03-08-2019, 09:17 AM | #1 |
Member
Posts: 16
Karma: 10
Join Date: Dec 2015
Device: sigil
|
A bug with the regex ?
Hello everyone,
I'm trying to use regex for dynamic id remplacement but I got some error that I don't know how to fix, that's why I'm asking for help. I've seen somewhere in this website that Sigil use PCRE. Regex pattern : Code:
<a id=\"(.*)?\">([\W\s]*)?([\w]+)( ([ \?*])+)?((, )?(.*)?([A-Z])(.*))?<\/a> Code:
<a id="\3\9">\2\3\4\6</a> Code:
<a id="">Anzil ou Auzil, Jacques d’</a> Code:
<a id="AnzilJ">Anzil ou Auzil, Jacques d’</a> Code:
<a id="AJ">Anzil ou Auzil, Jacques d’</a> Sigil version : 0.9.10. |
03-08-2019, 09:57 AM | #2 |
Grand Sorcerer
Posts: 27,552
Karma: 193191846
Join Date: Jan 2010
Device: Nexus 7, Kindle Fire HD
|
Uncheck "Minimal Match" in the search options. That option changes the default greediness of many operators.

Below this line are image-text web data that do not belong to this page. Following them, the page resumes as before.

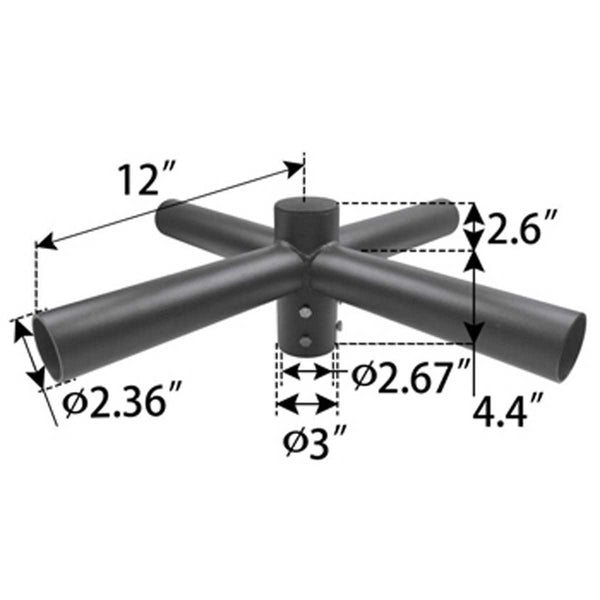 steel spoke bracket with 4 arms at 90 degree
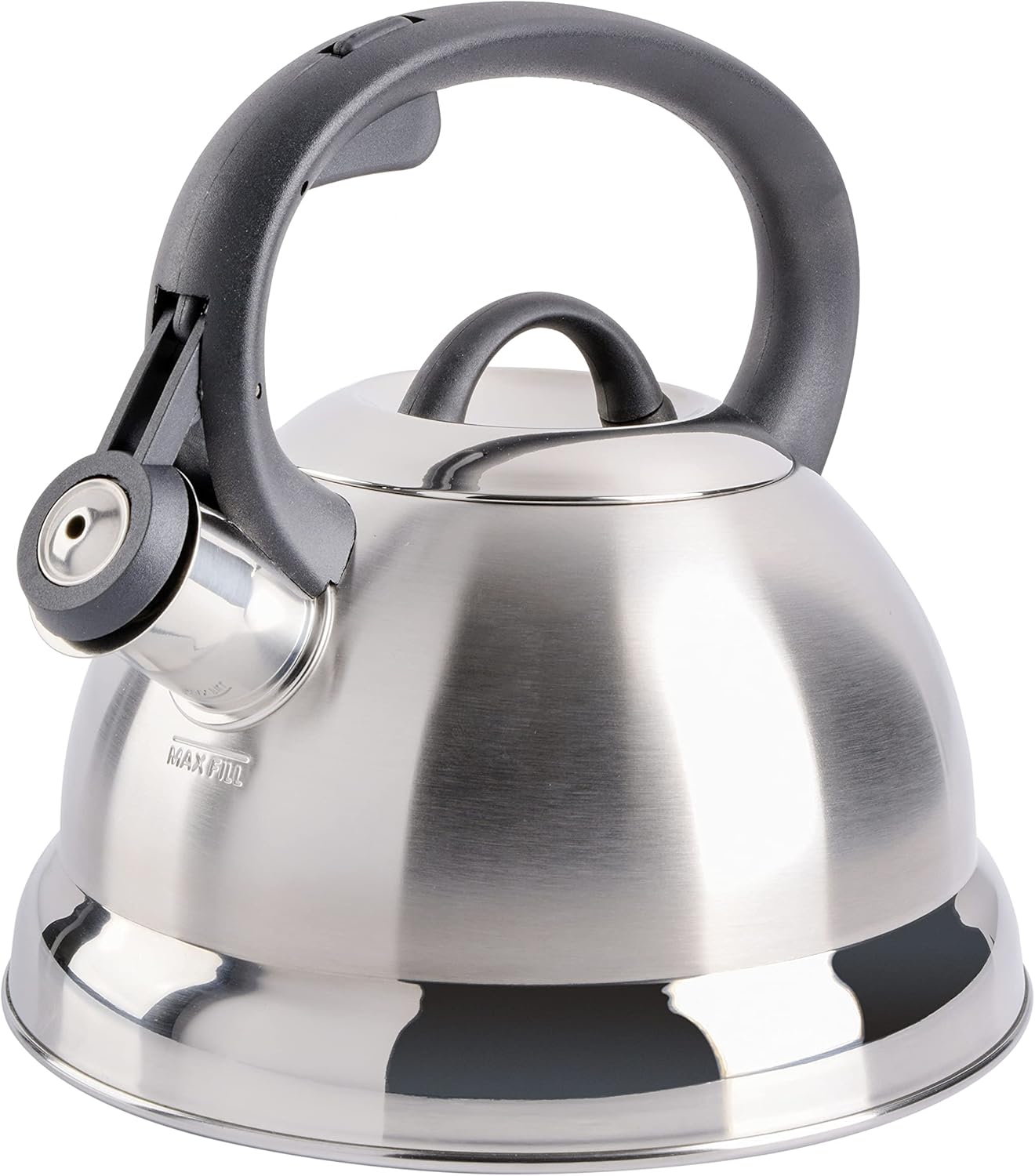 Mr - Coffee Flintshire 1.75-Quart Stainless Steel Whistling Tea Kettle – Brushed Satin Finish Stove-Top Kettle for Boiling Water 1.8 Quarts Brushed Satin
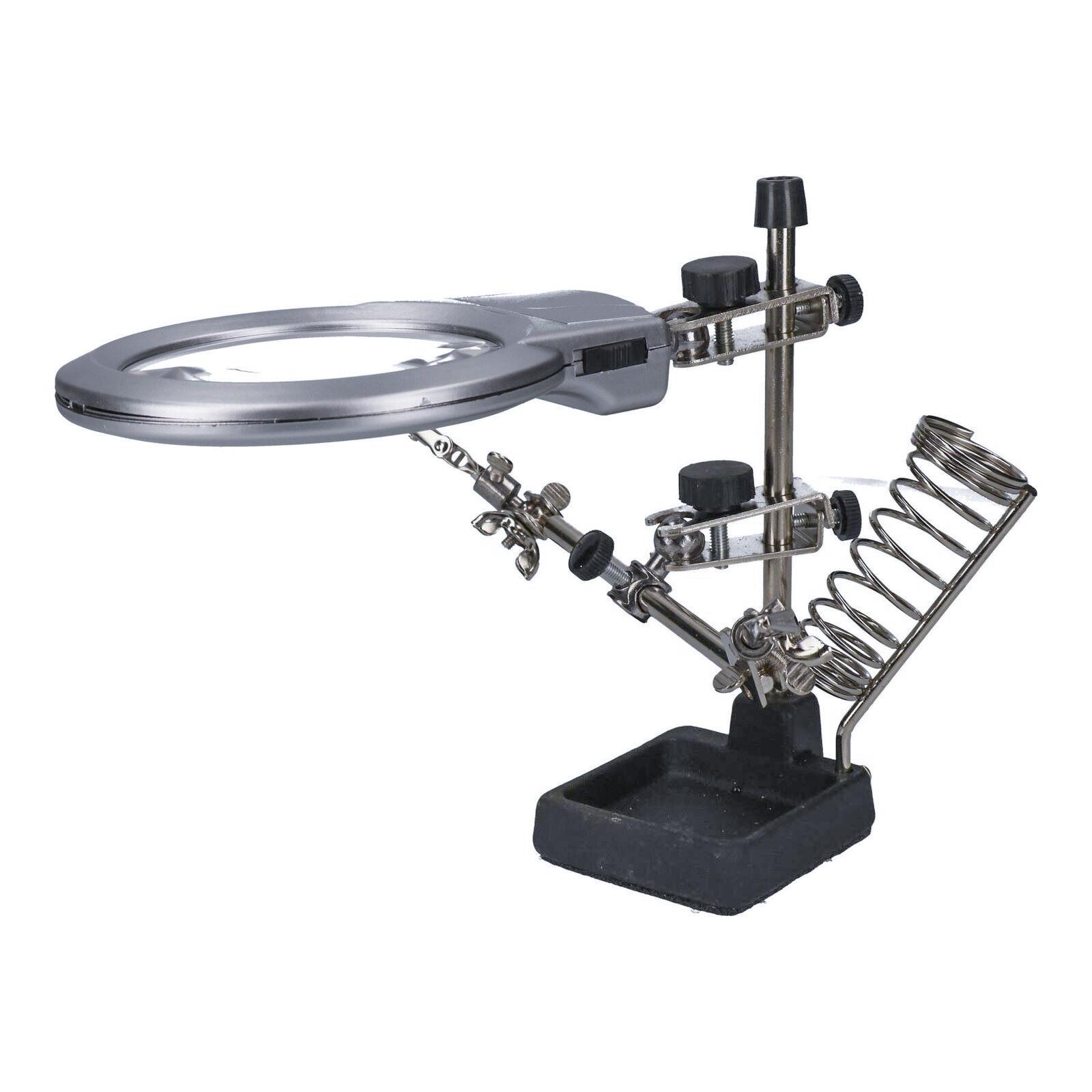 电烙铁 焊接工作台 维修辅助 85mm带灯带辅助夹放大镜 台式放大镜定制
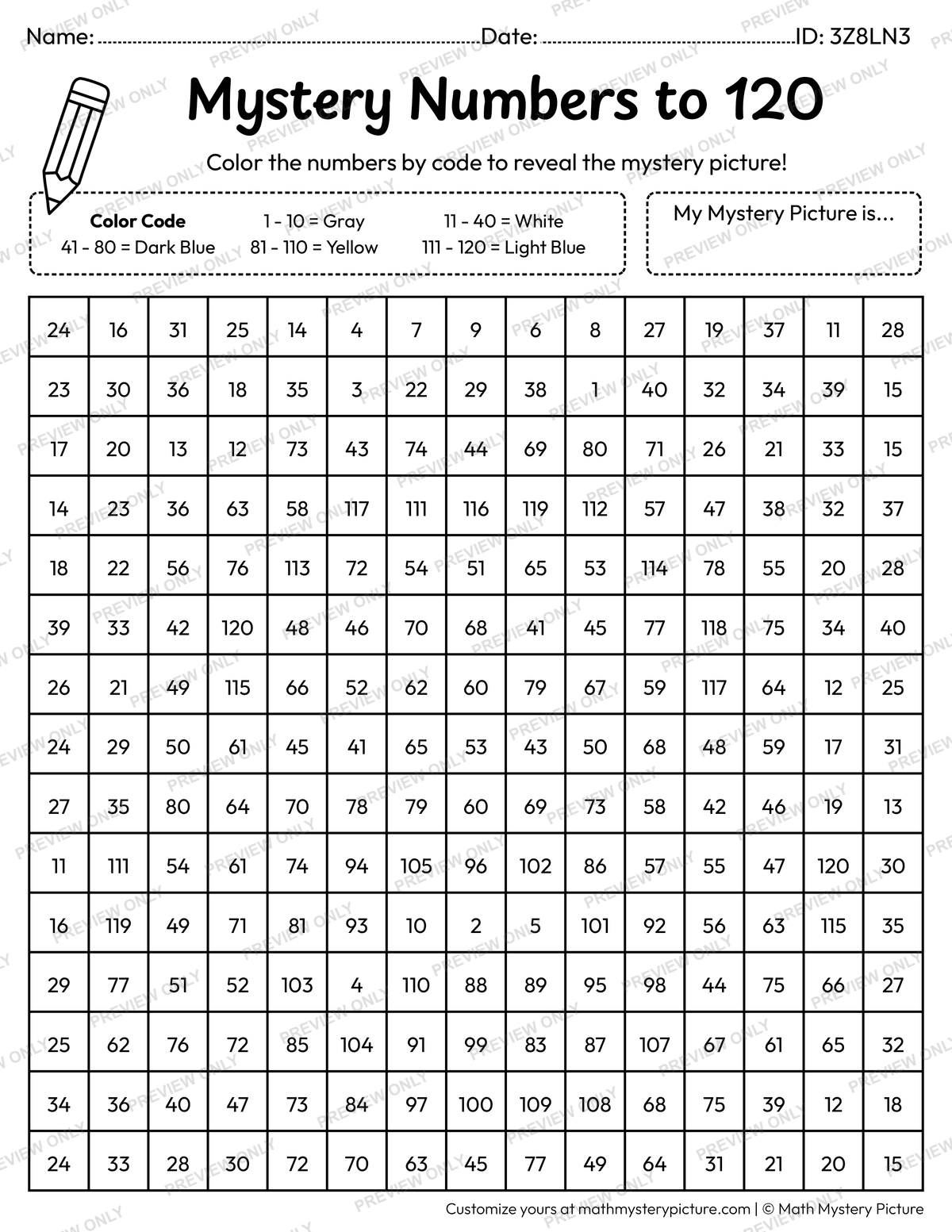 Back to School Backpack Numbers to 120 Math Mystery Picture Coloring Worksheet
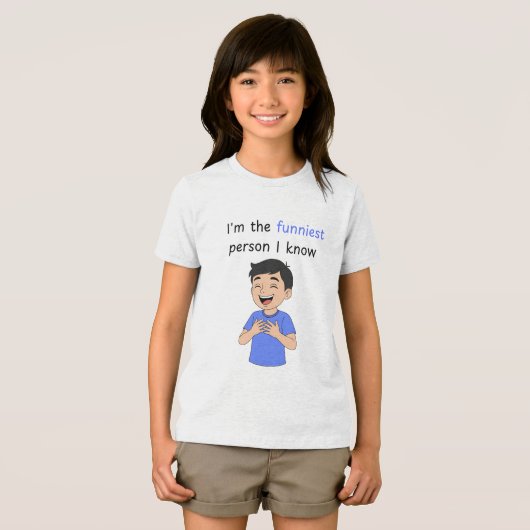 I'm the funniest person I know, boy Tri-Blend Shirt (Vorderseite Voll)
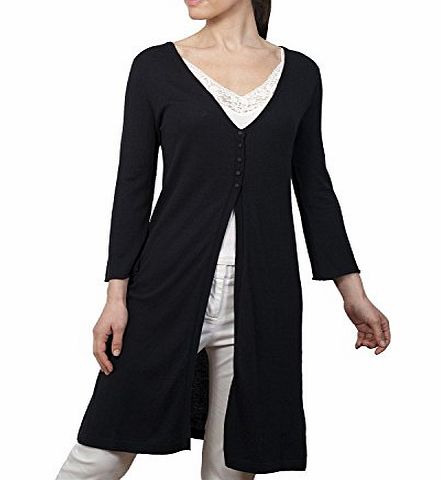 Woolovers Wool Overs Womens Silk amp; Cotton Extra Long Vee Cardigan Black Small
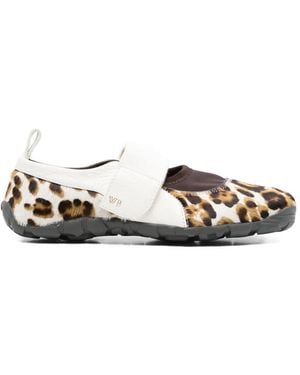 Wales Bonner Jewel Animal-Print Strap Ballet Flats - White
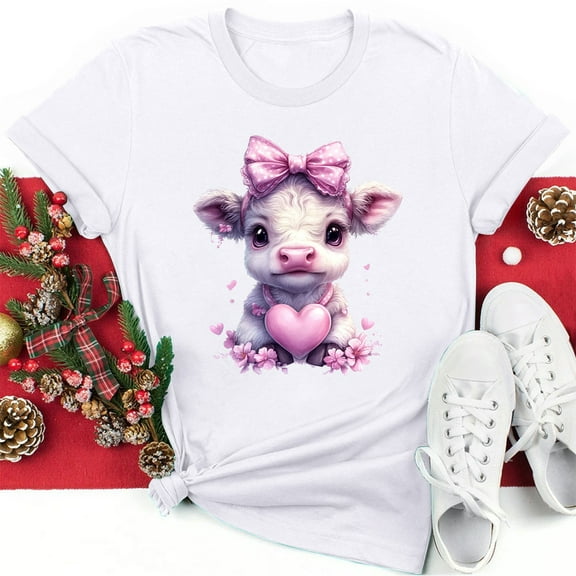 Valentines Clothes Under 10.00 TMOYZQ Womens Plus Size T-Shirts Trebdy Red Rose Graphic Casual Blouse Loose FIt Short Sleeve Crew Neck Pullover Tops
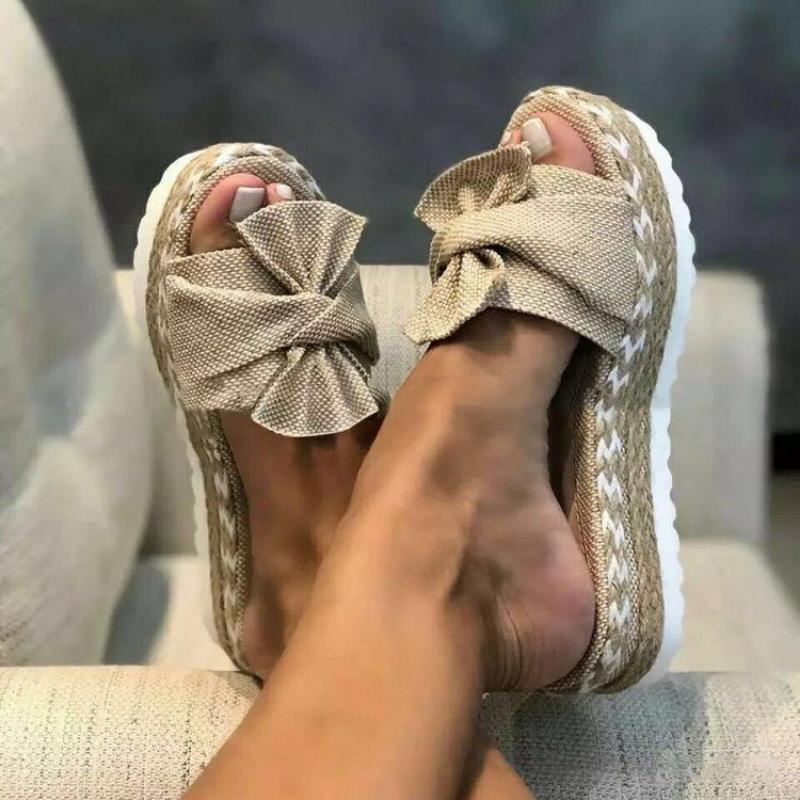 Women Bowknot Weave Sandals Wedge Bottom Casual Daily Comfy No Slip Vacation Beach Slippers Elegant Summer Breathbale Shoes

It won't affect this particular search, but you also might want to make \W \w (and the like) unicode aware with (*UCP) if you have non-ascii characters in strings that you're trying to match word boundaries. Last edited by DiapDealer; 03-08-2019 at 10:06 AM. |
Advert | |
|
03-08-2019, 10:05 AM | #3 |
Sigil Developer
Posts: 7,651
Karma: 5433388
Join Date: Nov 2009
Device: many
|
FWIW, there is no one official standard for regular expressions, especially for more advanced features. PCRE differs from even Perl now, Java is different, etc. Yes we use the PCRE version 1 library inside Sigil.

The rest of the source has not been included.